Los entrenadores del fútbol argentino atraviesan un período de inestabilidad laboral inédito, ya que en lo que va de la temporada 2006-2007 19 entrenadores perdieron su trabajo en clubes de primera división.
En el Apertura 2006, se fueron enseguida Leonardo Astrada, de Rosario Central; Carlos Leeb, de Banfield; José María Bianco, de Gimnasia y Esgrima de Jujuy; Julio César Toresani, de Colón de Santa Fe; Esteban Pogany, de Quilmes y antes Osvaldo 'Chiche' Sosa tampoco duró mucho en el 'cervecero'.
Al final, Mario Griguol, de Belgrano de Córdoba; Adrián Domenech, de Argentinos Juniors, sumados a dos traumáticas renuncias como las de Ricardo La Volpe, de Boca y Oscar Ruggeri, de San Lorenzo, llevaron a diez las bajas del Apertura.
Y en el actual Clausura fueron virtualmente echados Rodolfo Motta, de Nueva Chicago; Néstor Gorosito, de Central; Nery Pumpido, de Newell's; Patricio Hernández -final también traumático- de Banfield.
Recientemente, en una semana debieron irse de los dos clubes de Avellaneda Jorge Burruchaga, de Independiente y Reinaldo Merlo, de Racing, casi simultáneamente con Pedro Troglio que, hace un año, era un virtual "prócer" para la mitad de La Plata, la de Gimnasia.
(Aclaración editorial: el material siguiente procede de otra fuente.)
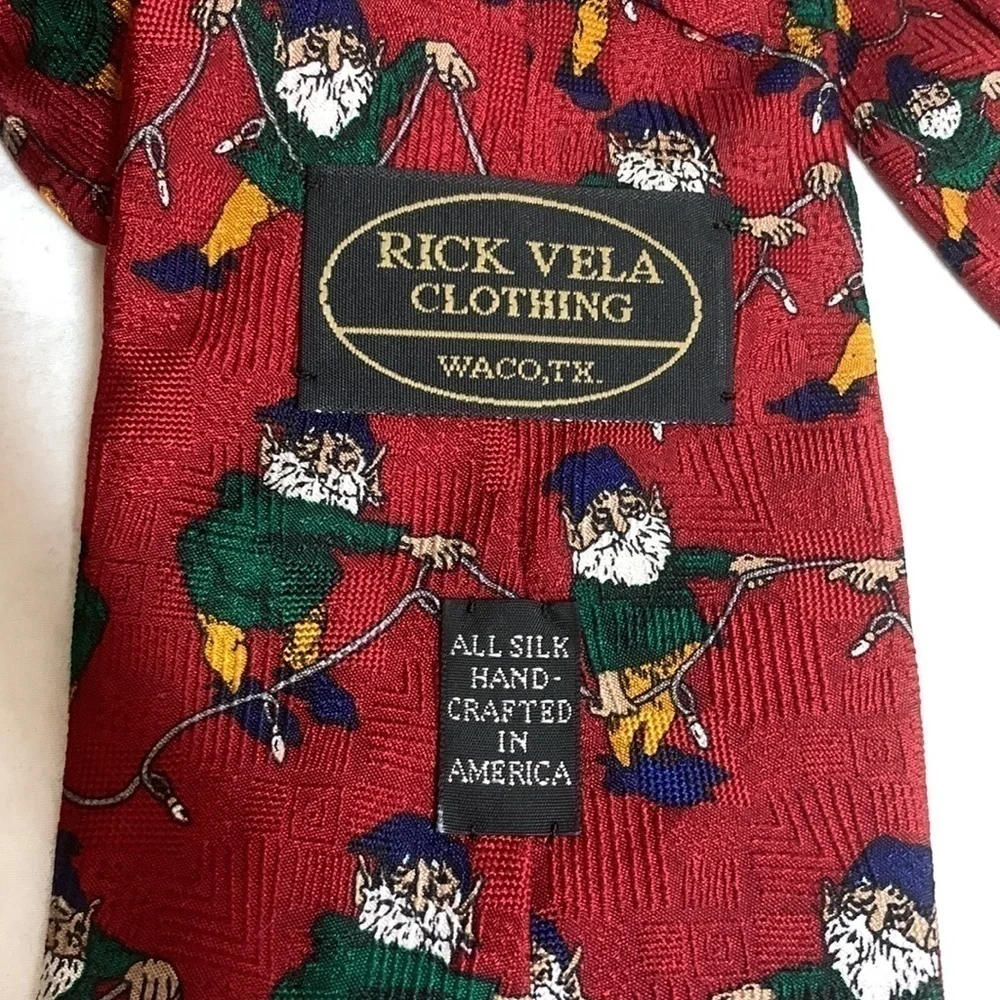 NWT J Z Richards 100% Hand Crafted Silk Ghome Graphic Dress Tie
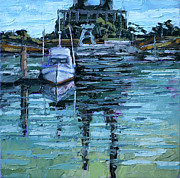 Moss Landing Boatyard Painting by PJ Kirk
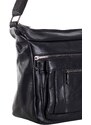 BASIC ČERNÁ CROSSBODY KABELKA S KAPSAMI PŘES RAMENO -BLACK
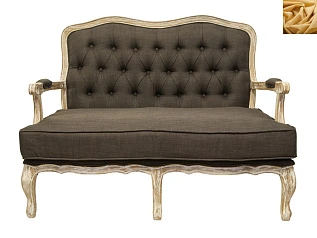 купить стильные Прямой диван модерн Yareli Brown V2 желтый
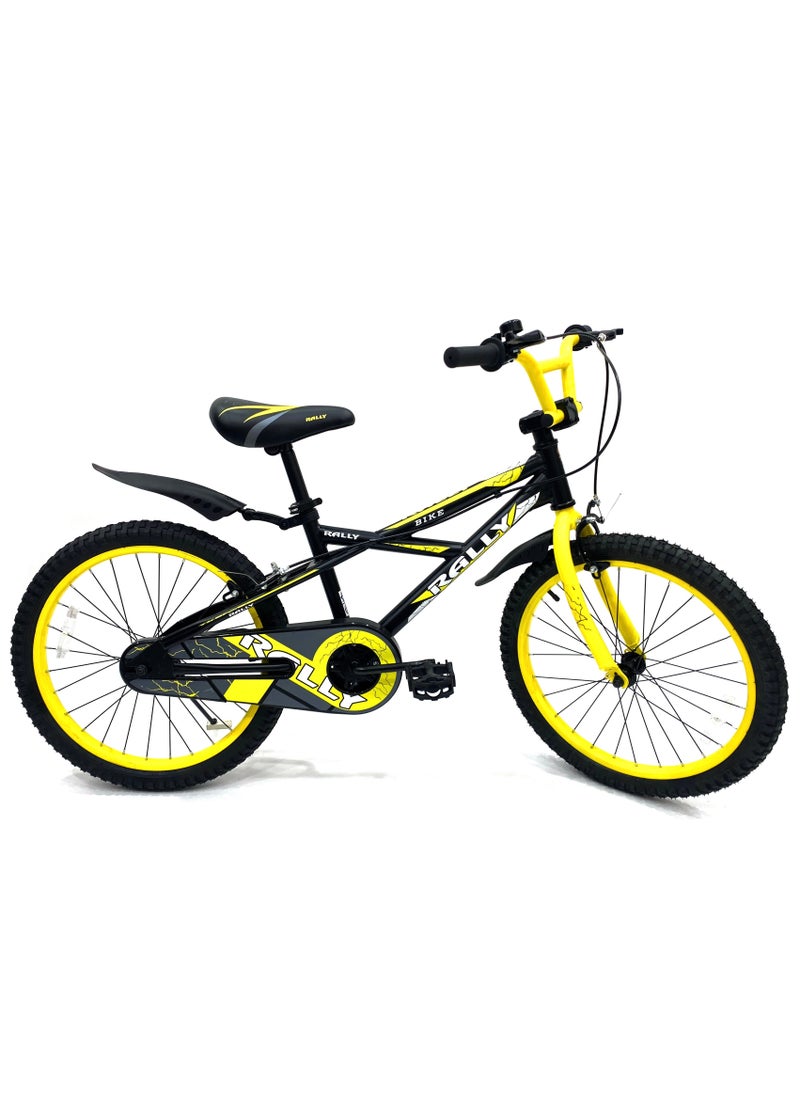 RALLY BICYCLE, Kids bike, RL-20-JK-2323, for 6-10 years old with training wheels, Chain cover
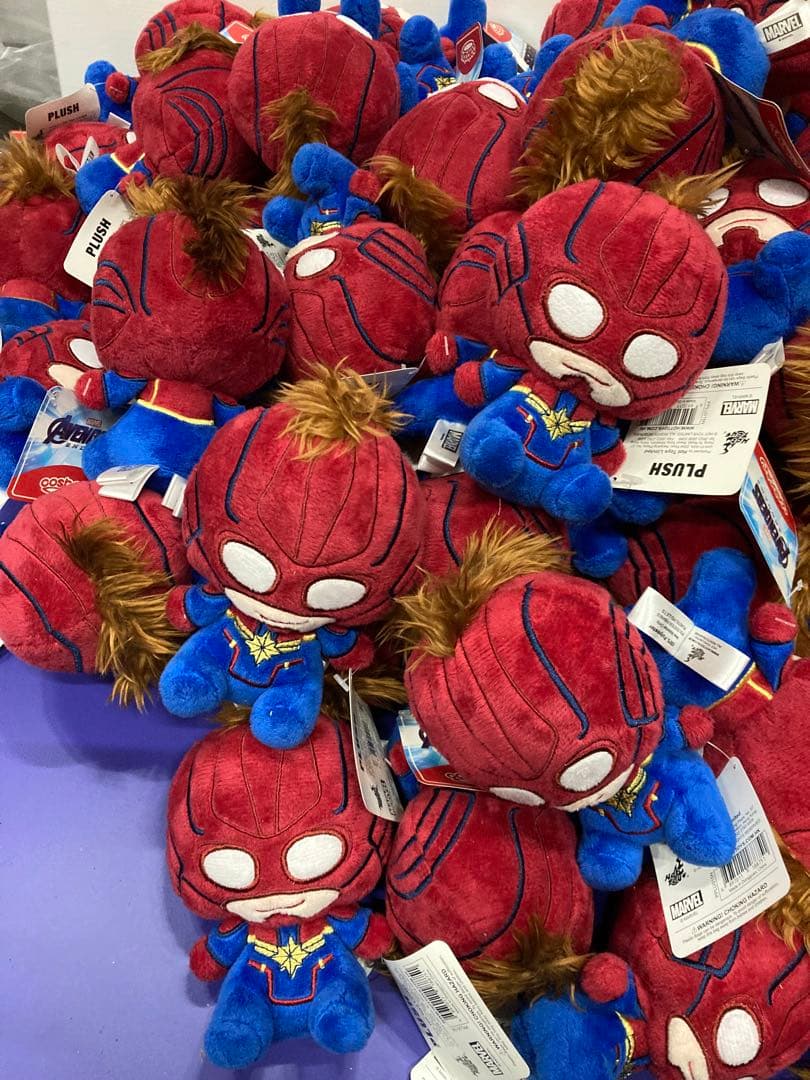 J)新品 マーベル コスベイビー ぬいぐるみ キャプテンマーベル 計82個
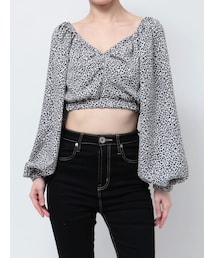 GYDA | レオパードオフショルコルセットブラウス(シャツ/ブラウス)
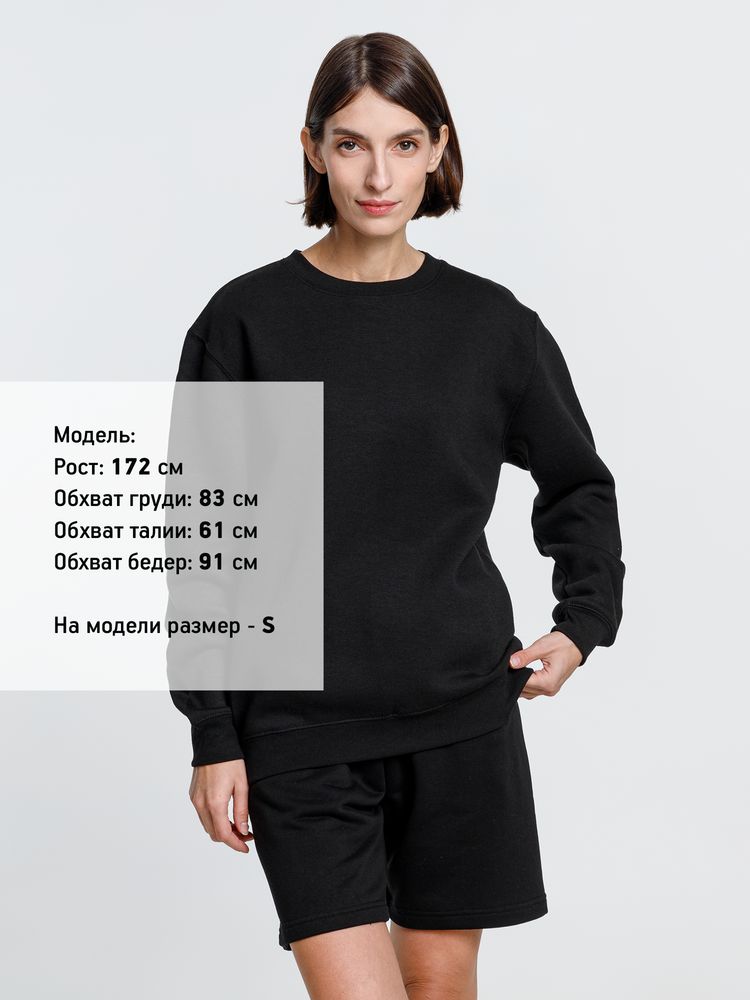 Свитшот унисекс Delta, черный / Миниатюра WWW (1000)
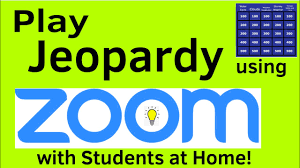 We can thank the internet for creating all of the components one might need to host an online game of jeopardy. How To Play Jeopardy In Zoom Meetings With Students Youtube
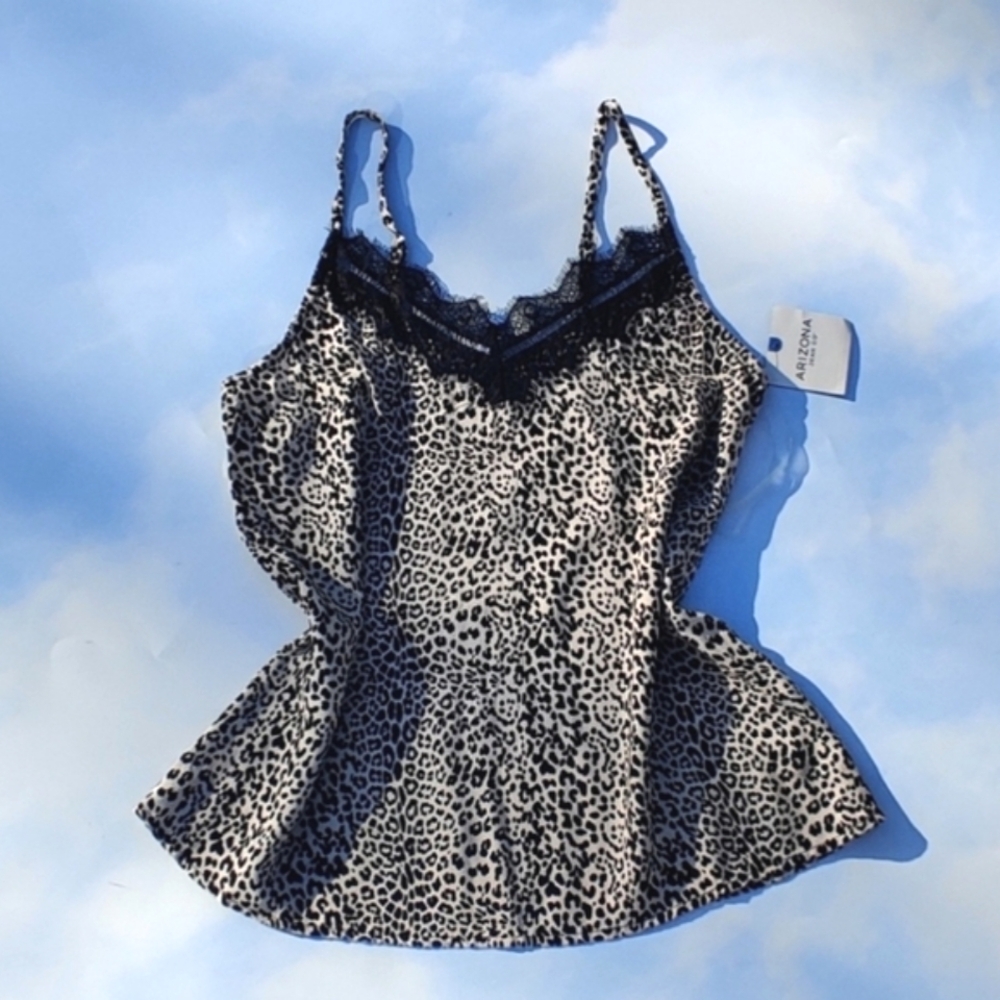 Cheetah Lace Tank Top, Slip Tank Dressy Slip Top Sexy Tank Blouse Classy Top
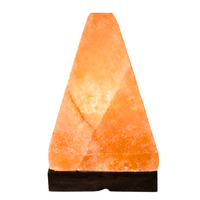Himalayan Salt Lamp MESA PYRAMID wooden base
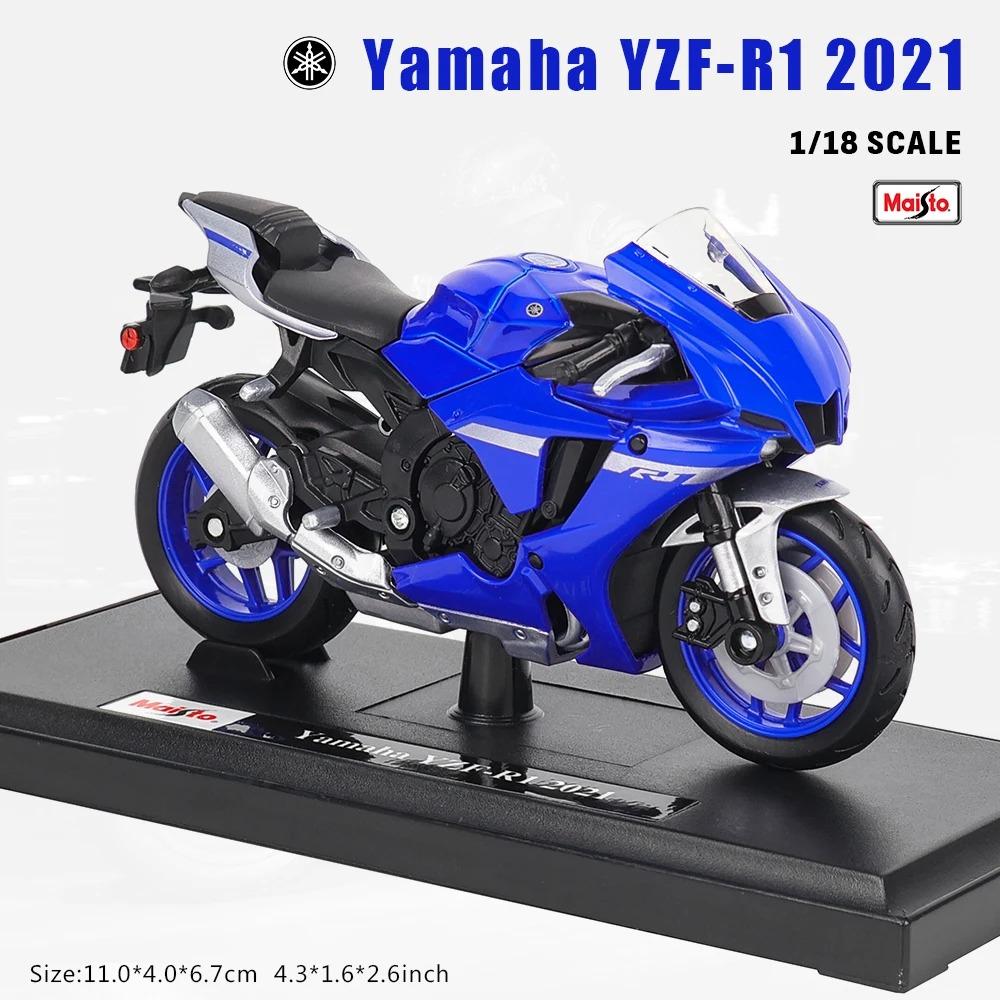 Maisto 1:18 YAMAHA MT-07 MT-10 Ducati Kawasaki KTM Suzuki BMW Meerdere modellen Ultra Limited Legering Motorfiets Model Speelgoedauto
Como "Mostaza" para la de Avellaneda.
Se dice del director técnico que en el fútbol es "el responsable de la formación y preparación del equipo". Es la persona que "fija la estrategia y la táctica para el juego". Y que es "un conductor de grupos" y aparece como el "jefe del cuerpo técnico". Esa es la teoría.
En la práctica, es un ex futbolista -algunos de ellos, hasta ídolos en su tiempo- condenado a recibir todo tipo de insultos cuando sus dirigidos pierden un partido. O varios.
El clima de intolerancia en el fútbol argentino lleva a los dirigentes a cesantearlos en pleno torneo.
Según la cátedra los hay "arriesgados", muy pocos; "conservadores", muchos, e "influenciables", algunos. Pero la mayoría se distribuye entre "sobrevivientes" y "kamikazes".
La presión que ejercen los hinchas, algunos muy fanáticos, otros muy interesados en responder a la dirigencia que no acepta que el disparador alcance a los propios directivos, deja a la intemperie a los técnicos.
Hace cuatro meses, La Volpe obtuvo el 70 por ciento de los puntos en disputa en Boca, pero perdió el clásico con River en el Monumental en octubre, y en diciembre su equipo tuvo tres derrotas
sucesivas ante Belgrano, Lanús y la final con Estudiantes. Los jugadores salieron indemnes.
River tiene entre sus ex futbolistas a dos técnicos ganadores: Ramón Díaz y Daniel Passarella, que como jugadores y entrenadores han ganado mucho. Sin embargo el "Kaiser" fue insultado duramente hace dos semanas contra Belgrano de Córdoba, en el Monumental, por la eliminación de River en la Copa Libertadores.
Ramón Cabrero, de Lanús, llegó a la primera como técnico interino y es el único sobreviviente desde noviembre de 2005.
Curiosamente, Alfio Basile, ganador de todo en Boca, estuvo con un pie afuera cuando los suyos perdieron con Colón, 0-1 en La Bombonera y Arsenal, 1-4 en Sarandí.
La salida de los técnicos marca récords en el fútbol argentino... ¿Cuál será la próxima cabeza?